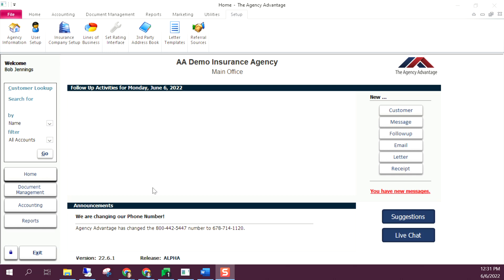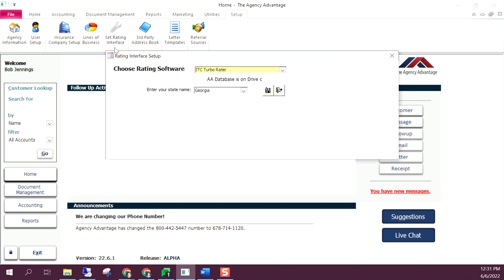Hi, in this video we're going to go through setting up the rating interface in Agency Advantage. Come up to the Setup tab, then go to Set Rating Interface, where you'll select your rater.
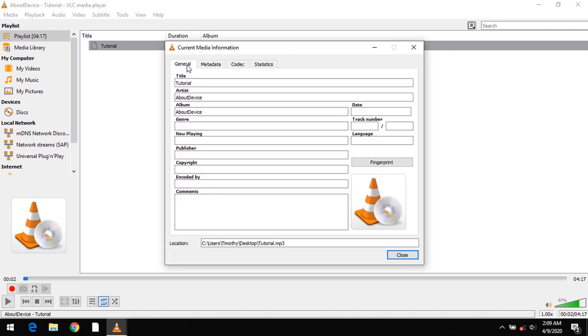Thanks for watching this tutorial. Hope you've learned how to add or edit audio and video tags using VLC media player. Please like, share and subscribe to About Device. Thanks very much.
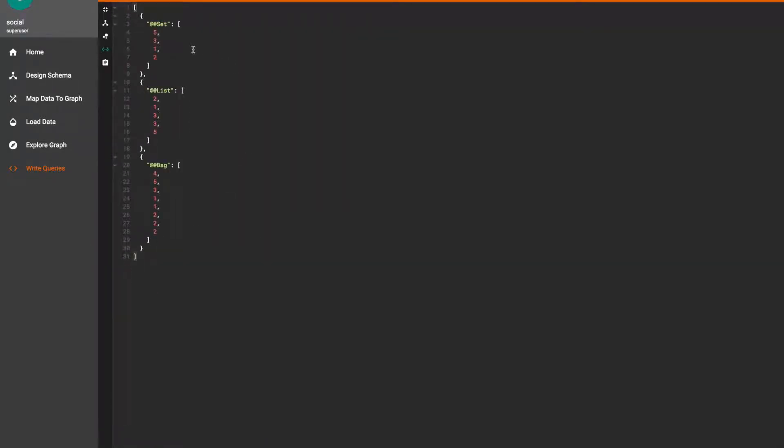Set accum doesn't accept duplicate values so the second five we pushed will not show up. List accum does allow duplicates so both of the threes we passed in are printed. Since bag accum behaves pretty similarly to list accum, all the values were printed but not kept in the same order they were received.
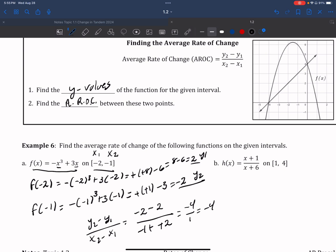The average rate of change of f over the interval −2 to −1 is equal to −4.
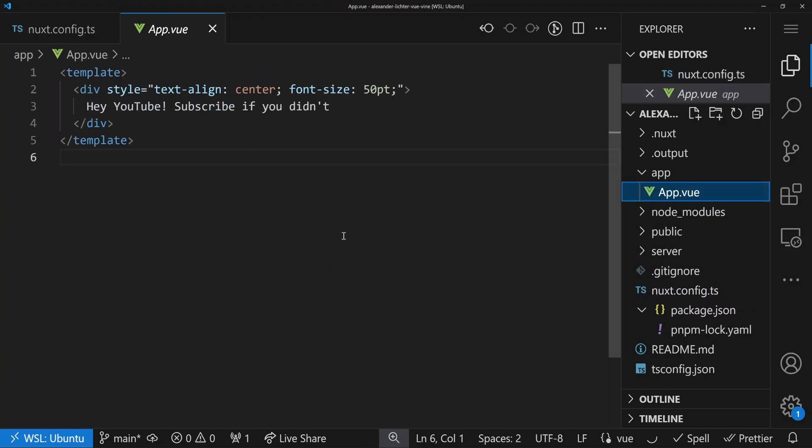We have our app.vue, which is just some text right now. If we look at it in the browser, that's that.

* * *

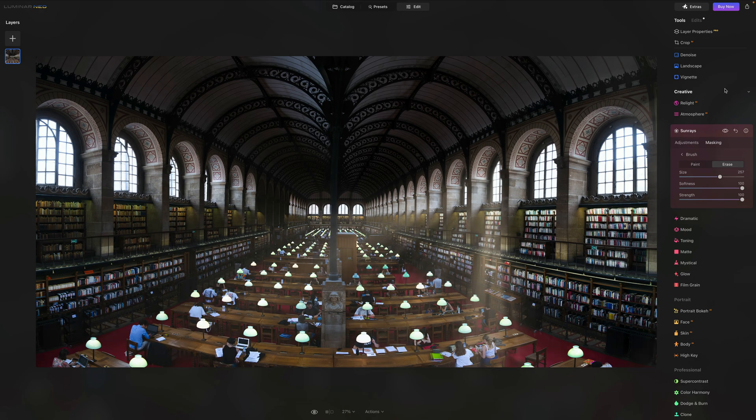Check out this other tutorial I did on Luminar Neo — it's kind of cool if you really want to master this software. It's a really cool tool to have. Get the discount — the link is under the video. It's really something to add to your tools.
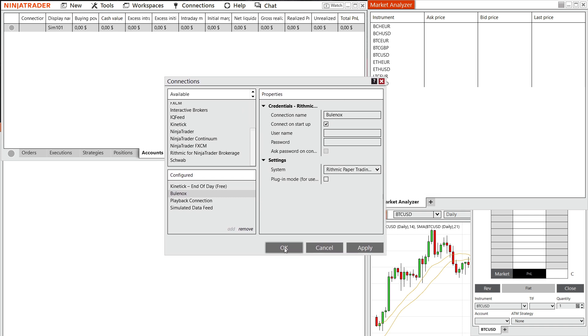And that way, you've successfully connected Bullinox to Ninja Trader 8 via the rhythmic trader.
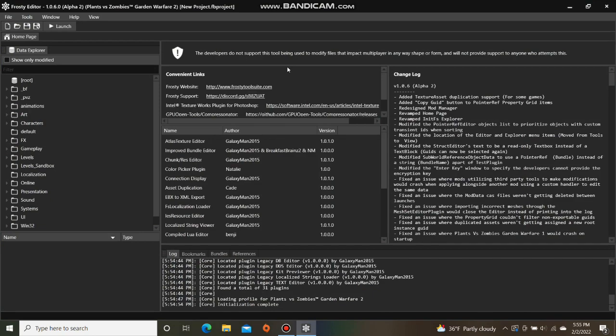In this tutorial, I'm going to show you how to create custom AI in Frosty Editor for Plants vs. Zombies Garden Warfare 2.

• [WHAT NEEDS TO BE DONE]: Give exactly the lines above that run from the line with "The average rate" to the line with "We have our", both included, leaving every picture out.

• [ANSWER AREA]:
The average rate of change of f over the interval −2 to −1 is equal to −4.
We have our app.vue, which is just some text right now. If we look at it in the browser, that's that.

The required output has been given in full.